HBO Max’s Gossip Girl revival-boot wrapped its second and final season on Thursday, culminating with the most dramatic Met Gala moment since Solange and Jay-Z shared an elevator.
Showrunner Josh Safran spoke with TVLine about the finale’s biggest twists (and how they would have shaped the now-canceled third season), but let’s start with a quick recap:
Julien conspired to sneak Zoya onto the Met Gala carpet where she would “reveal” herself as Gossip Girl, hoping the attention would make the real GG jealous enough to come out of hiding. When that didn’t work, they floated a rumor that Zoya was meeting with big-time directors to sell GG’s story, enlisting one last Gossip Girl OG (Matt Doyle as Eric’s now-husband Jonathan) to help pull it off.

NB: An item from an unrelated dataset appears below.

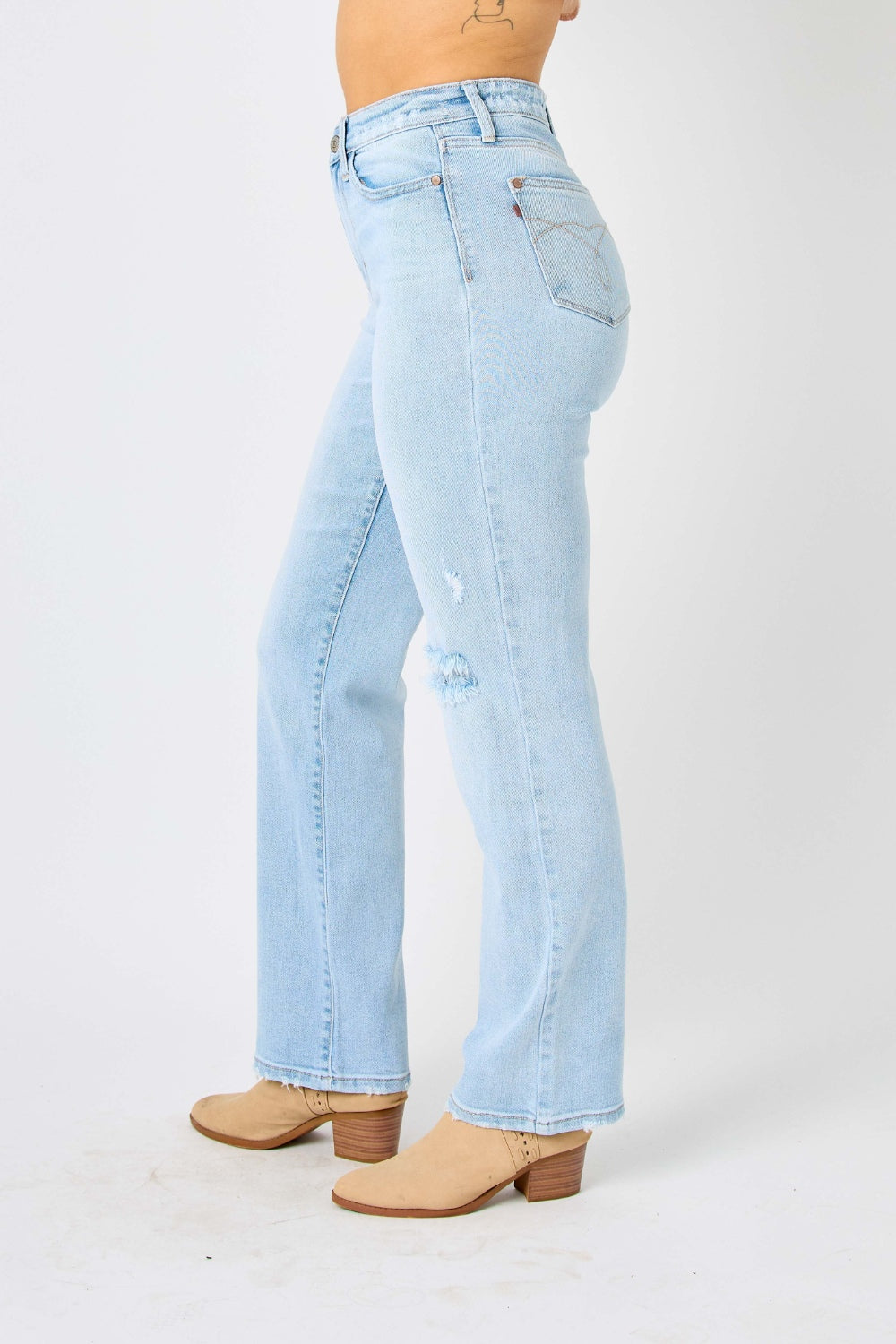 Judy Blue Full Size High Waist Distressed Straight Jeans *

“We also tried to get Connor Paolo back [as Eric], but he was busy shooting a movie,” Safran says. “We were very happy to have Matt there to tell the story of their marriage.”
In the end, it was Kate’s hubris that did her in. To quote special guest star Andy Cohen, “A teacher? What a twist! Also… gross?” With GG finally slain (and everyone rightly horrified to learn that a teacher was behind it all), the gang celebrated their victory in Italy, where we got a taste of what their futures hold.

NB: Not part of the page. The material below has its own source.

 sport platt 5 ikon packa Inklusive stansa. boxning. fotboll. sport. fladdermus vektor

Luna’s modeling career is skyrocketing, as evidenced by her ubiquitous Oscar de la Renta campaign; Julien connected with her estranged aunt (played by Broadway icon LaChanze), who suggested there’s more to her late mother’s story than she knows; Zoya enjoyed what appeared to be a meet-cute with a fellow theater enthusiast (played by Aaron Dominguez, who would have been a regular in Season 3); and Max, freshly dumped by Aki and Audrey, was drowning his sorrows at a bar in Germany, where a mysterious stranger offered a helping hand.
And if you stuck around for the finale’s MCU-esque post-credits scene, you’d know that Roger Menzies offered Jordan a job that would turn GG into a global, teen-snitching app. Perfect.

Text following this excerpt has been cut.